Dāna-dharma: Types of Charity, Worthy Recipients, Vrata-Timings, and Śiva–Viṣṇu Propitiation
दीयमानं तु यो मोहाद् गोविप्राग्निसुरेषु च / निवारयति पापात्मा तिर्यग्योनिं व्रजेत् तु सः
dīyamānaṃ tu yo mohād goviprāgnisureṣu ca / nivārayati pāpātmā tiryagyoniṃ vrajet tu saḥ
Wer jedoch aus Verblendung das Geben behindert—sei es für Kühe, für Brāhmaṇas, für das heilige Feuer Agni oder für die Götter—ein solcher sündhaft Gesinnter gelangt wahrlich zu einer tierischen Geburt.

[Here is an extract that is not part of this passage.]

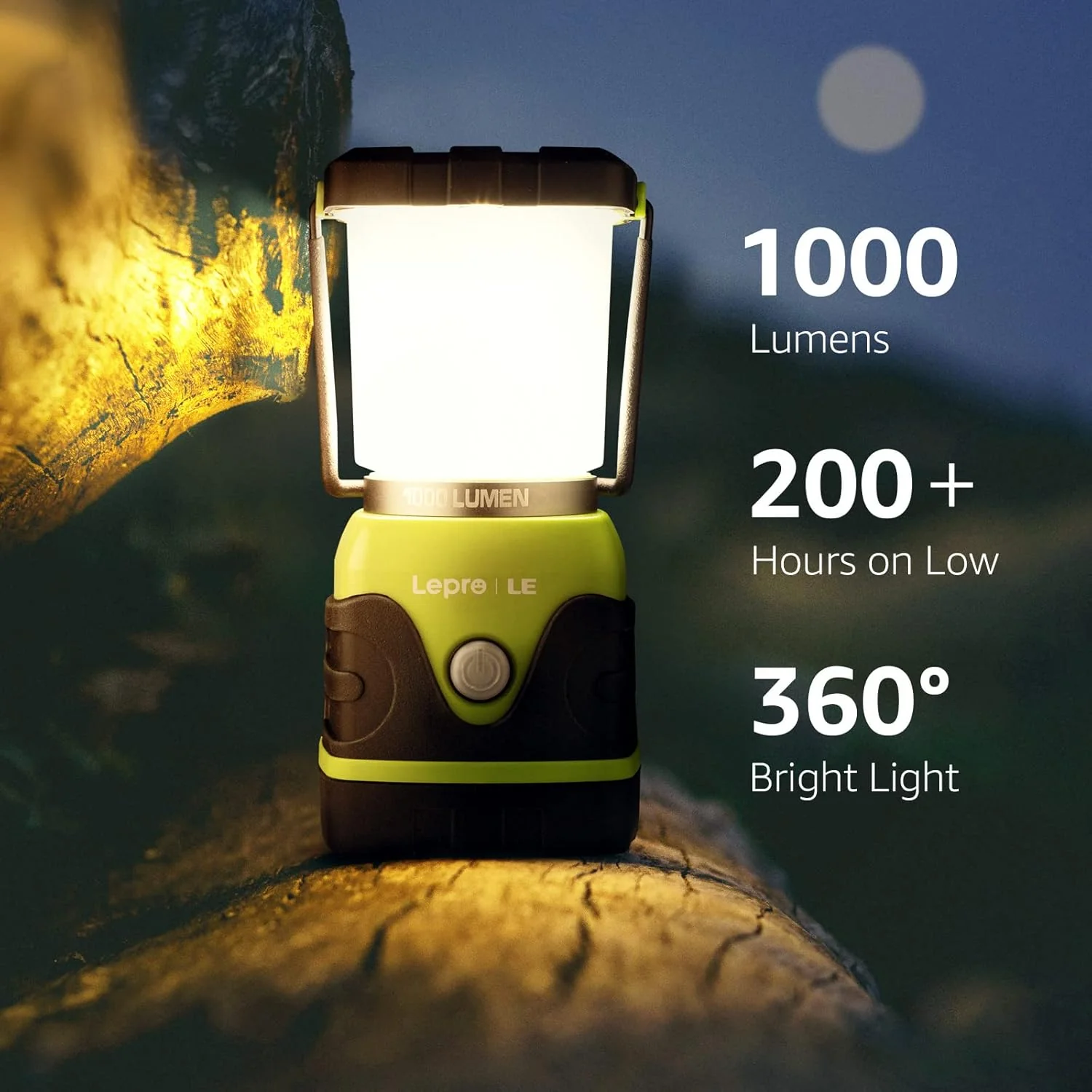 Lepro Battery Powered LED Camping Lantern (Waterproof, 1000LM, 4 Lighting Modes) - Image 3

Narrator (Purana voice, traditionally Vyasa) conveying dharma-teaching to the listening sages
Primary Rasa: raudra
Secondary Rasa: bhayanaka
Indirectly: it frames ethical conduct (non-obstruction of righteous giving) as a necessary foundation for spiritual progress; delusion-driven harm binds the jiva to lower births rather than clarity conducive to Self-knowledge.
No technique is taught directly; the verse emphasizes yama-like ethical restraint—avoiding interference with dharmic acts—which supports inner purity (śuddhi) that the Kurma Purana treats as prerequisite for higher disciplines such as Pashupata-oriented devotion and yoga.
It does not name Shiva or Vishnu explicitly; it reflects the Purana’s integrative dharma framework where devotion and yoga rest on shared ethical duties toward sacred recipients (devas, Agni, and dharmic communities), consistent with the text’s broader Shaiva–Vaishnava synthesis.